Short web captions
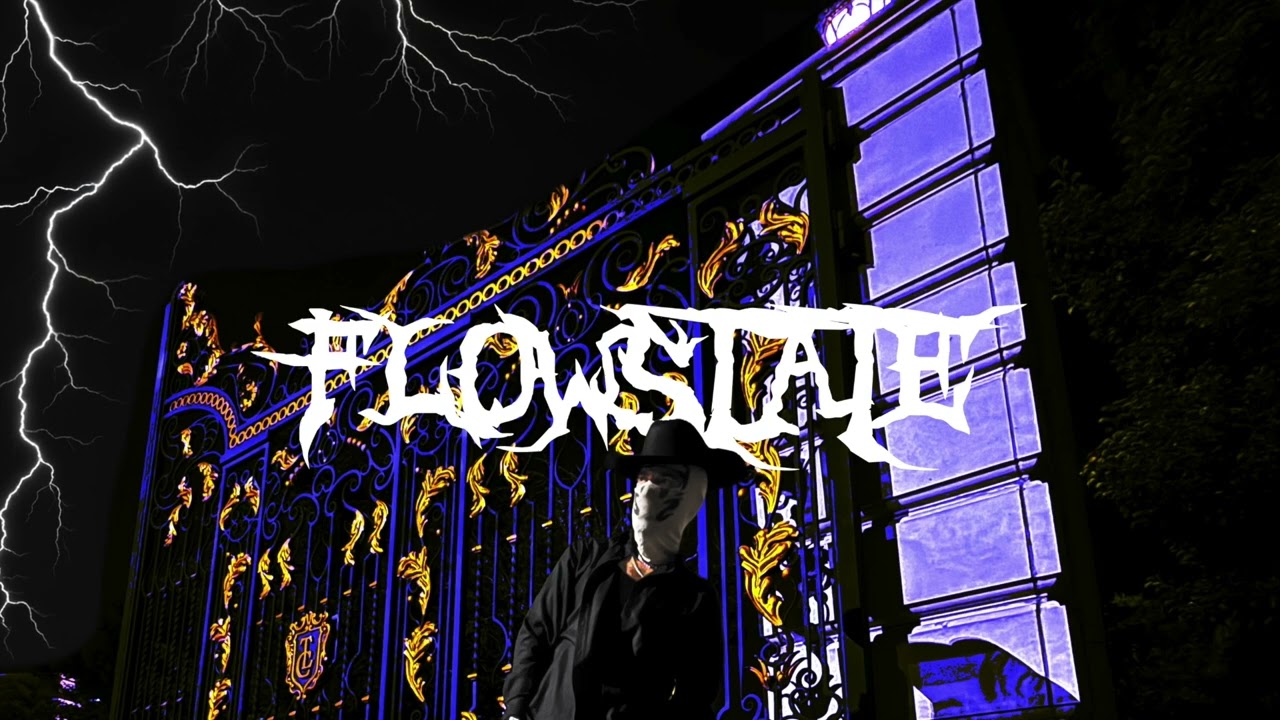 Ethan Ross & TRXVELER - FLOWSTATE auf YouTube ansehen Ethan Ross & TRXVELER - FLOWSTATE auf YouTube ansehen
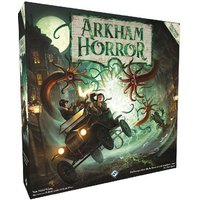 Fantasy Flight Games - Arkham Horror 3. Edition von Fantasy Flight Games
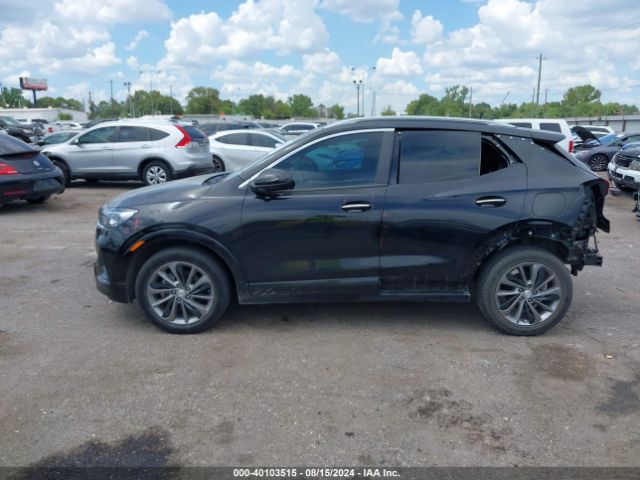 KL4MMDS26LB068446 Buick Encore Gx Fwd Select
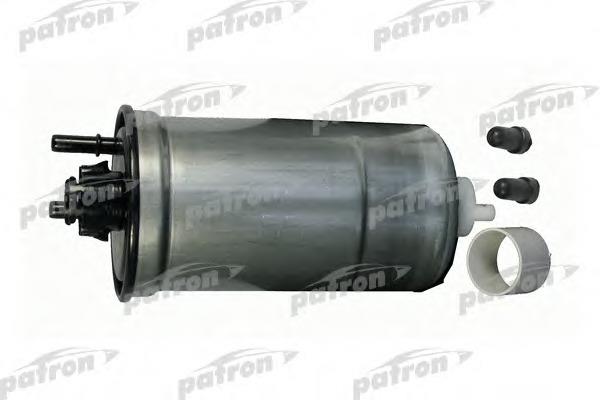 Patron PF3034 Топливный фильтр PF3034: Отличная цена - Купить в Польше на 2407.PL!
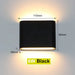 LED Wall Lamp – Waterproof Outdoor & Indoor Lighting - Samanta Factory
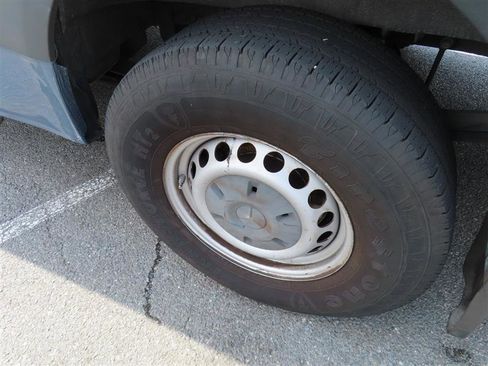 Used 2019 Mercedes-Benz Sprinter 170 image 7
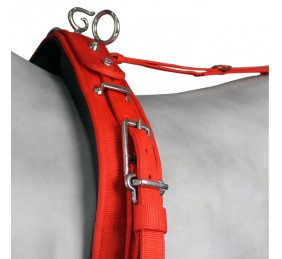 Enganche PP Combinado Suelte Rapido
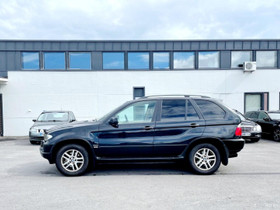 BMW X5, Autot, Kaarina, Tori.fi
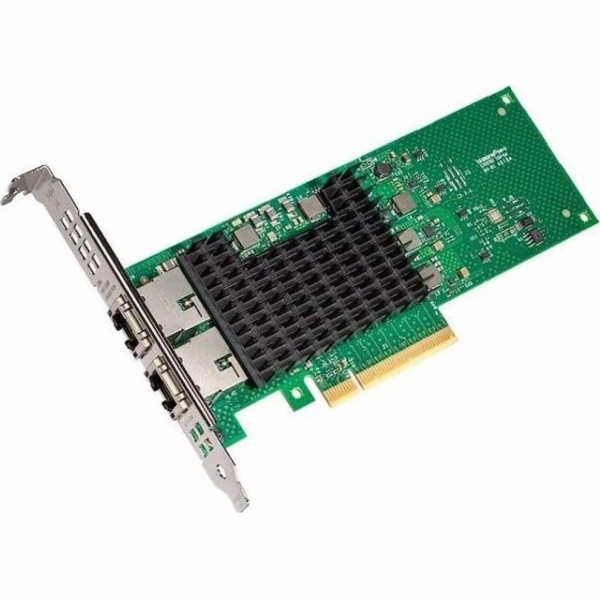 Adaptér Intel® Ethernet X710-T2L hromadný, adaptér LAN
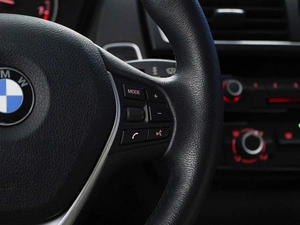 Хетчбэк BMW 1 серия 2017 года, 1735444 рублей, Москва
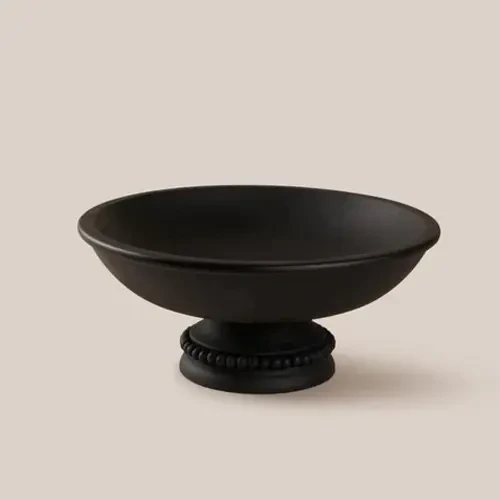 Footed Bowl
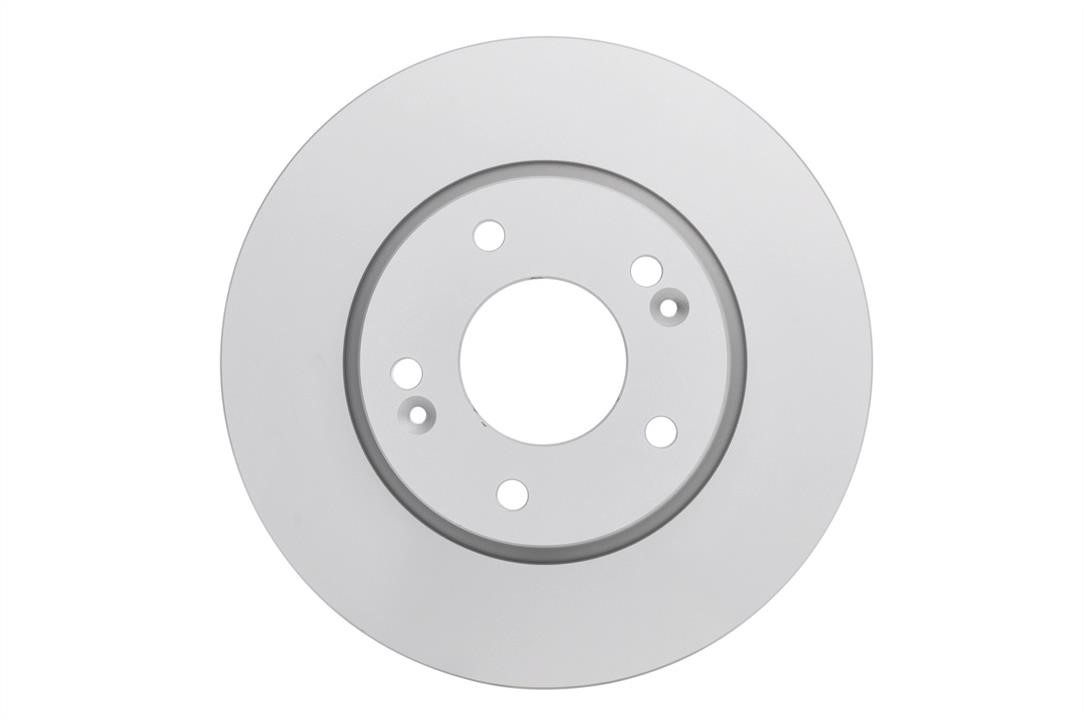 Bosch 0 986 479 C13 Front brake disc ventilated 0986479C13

What to work on.
From the opening line of the entries, copy each line exactly until the line with "Adaptér Intel® Ethernet", which is copied as well; leave out pictures.

Answer to the problem.
 Ethan Ross & TRXVELER - FLOWSTATE auf YouTube ansehen Ethan Ross & TRXVELER - FLOWSTATE auf YouTube ansehen
 Fantasy Flight Games - Arkham Horror 3. Edition von Fantasy Flight Games
 KL4MMDS26LB068446 Buick Encore Gx Fwd Select
 Patron PF3034 Топливный фильтр PF3034: Отличная цена - Купить в Польше на 2407.PL!
 LED Wall Lamp – Waterproof Outdoor & Indoor Lighting - Samanta Factory
 Used 2019 Mercedes-Benz Sprinter 170 image 7
 Enganche PP Combinado Suelte Rapido
 BMW X5, Autot, Kaarina, Tori.fi
 Adaptér Intel® Ethernet X710-T2L hromadný, adaptér LAN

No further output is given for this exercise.